Hauptautor John Jakicic hat dafür zwei mögliche Erklärungen: «Es könnte sein, dass die Leute denken: Ich war jetzt so aktiv, also kann ich auch einen Cupcake essen.» Andererseits sei ein solches Armband auch nicht für jeden motivierend – wer an Trainingszielen häufig scheitere, werde eher frustriert.

David Ellis, Psychologe an der Lancaster Universität, sagte der BBC: «Fitness Tracker werden häufiger von Leuten gekauft, die bereits einen gesunden Lebensstil führen und ihre Fortschritte messen wollen.» Deshalb sei schwer zu sagen, ob sie wirklich für jeden hilfreich seien.

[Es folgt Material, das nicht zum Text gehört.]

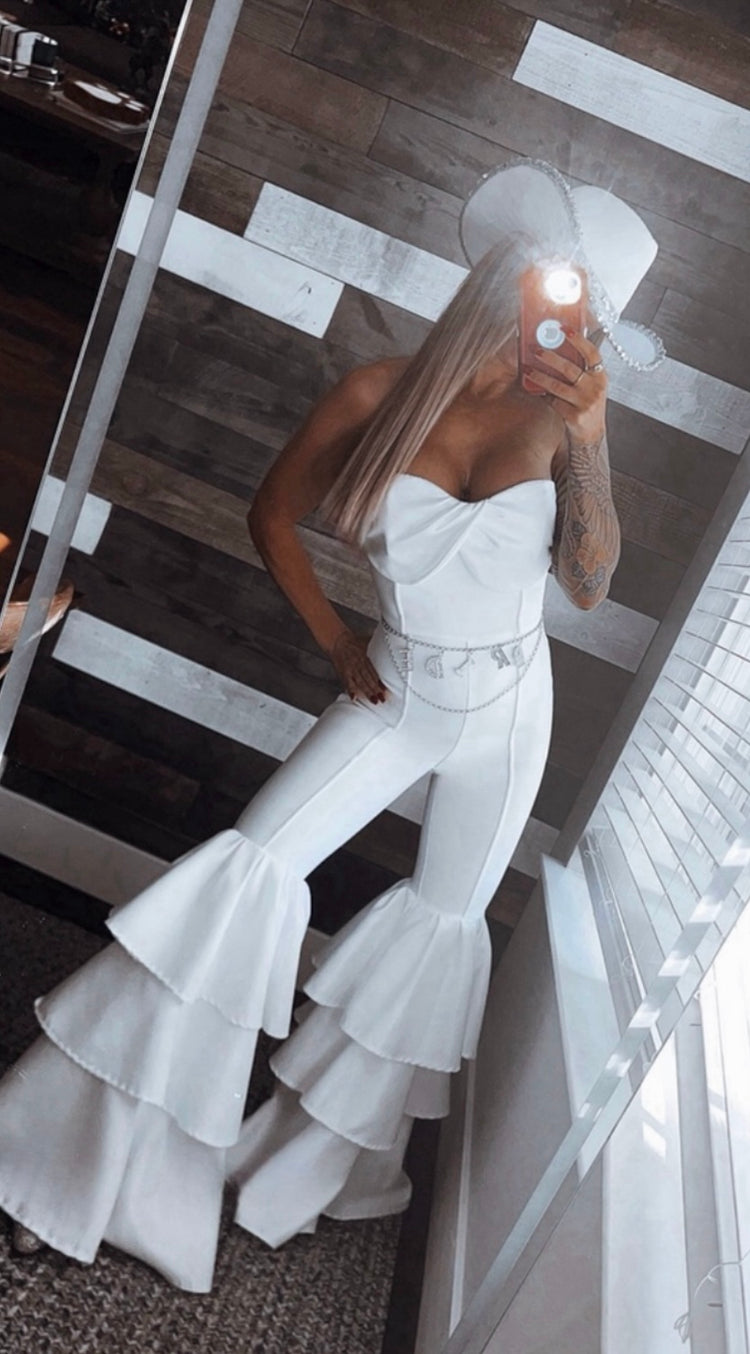 Lainey one piece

In der Tat: Etwa die Hälfte der geschätzten 33 Millionen Amerikaner, die einen Fitness-Tracker besitzen, nutzen das Armband nicht mehr. Ein Drittel davon legt es schon innerhalb der ersten sechs Monate zur Seite.

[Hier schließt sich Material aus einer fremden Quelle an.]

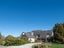 21 Alton Street, Omakau, Omakau - Carousel 22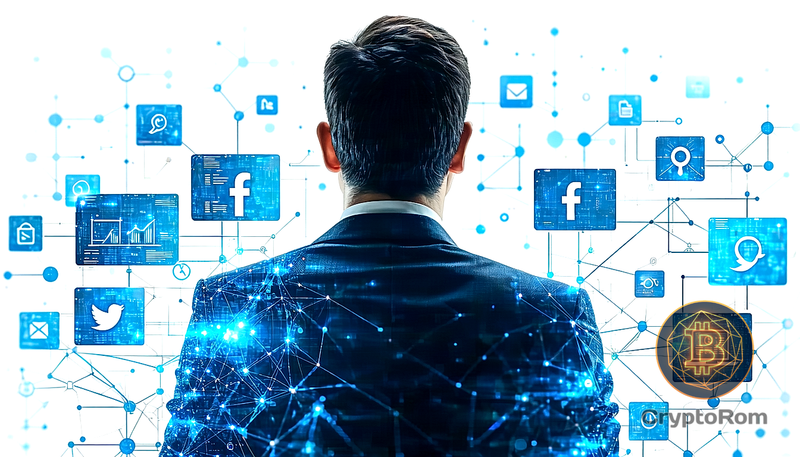 🛡️ Генеральный директор Cato Networks предлагает ограничить Первую поправку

Andere Untersuchungen kritisieren Ungenauigkeiten der Geräte beim Ermitteln der verbrauchten Kalorienzahl, des
Blutdrucks oder beim Bestimmen der Pulsfrequenz. Wer ambitioniert trainiere, riskiere möglicherweise Herzprobleme, wenn sein Puls ständig deutlich über dem angezeigten Wert liege, monierten Ärzte. Gegen eine dieser Studien zog der größte US-Anbieter, Fitbits, in diesem Frühjahr dann auch vor Gericht.

Der Mediziner Timothy Plante von der Johns Hopkins University rät, sich nicht auf den angezeigten Kalorienverbrauch zu verlassen. «Den Energieverbrauch zu messen ist eine große Herausforderung. Jeder der diese Geräte benutzt, sollte die Ergebnisse mit Vorsicht genießen.»

Eine ganz andere Schwachstelle deckten Forscher der TU Darmstadt und der Uni Toronto auf: Viele Programme haben große Lücken im Datenschutz. Nutzerdaten können relativ einfach gehackt und manipuliert werden.

Das dürfte in den USA, wo die Tracker-Angaben bereits vor Gericht als Beweismittel zum Einsatz kommen dürfen und auch Versicherungen erste Prämien danach berechnen, noch stärkere Auswirkungen haben als in Deutschland. Hier nutzt nach Angaben des Fachverbands Bitcom auch bereits fast jeder Dritte einen Fitness-Tracker oder eine App.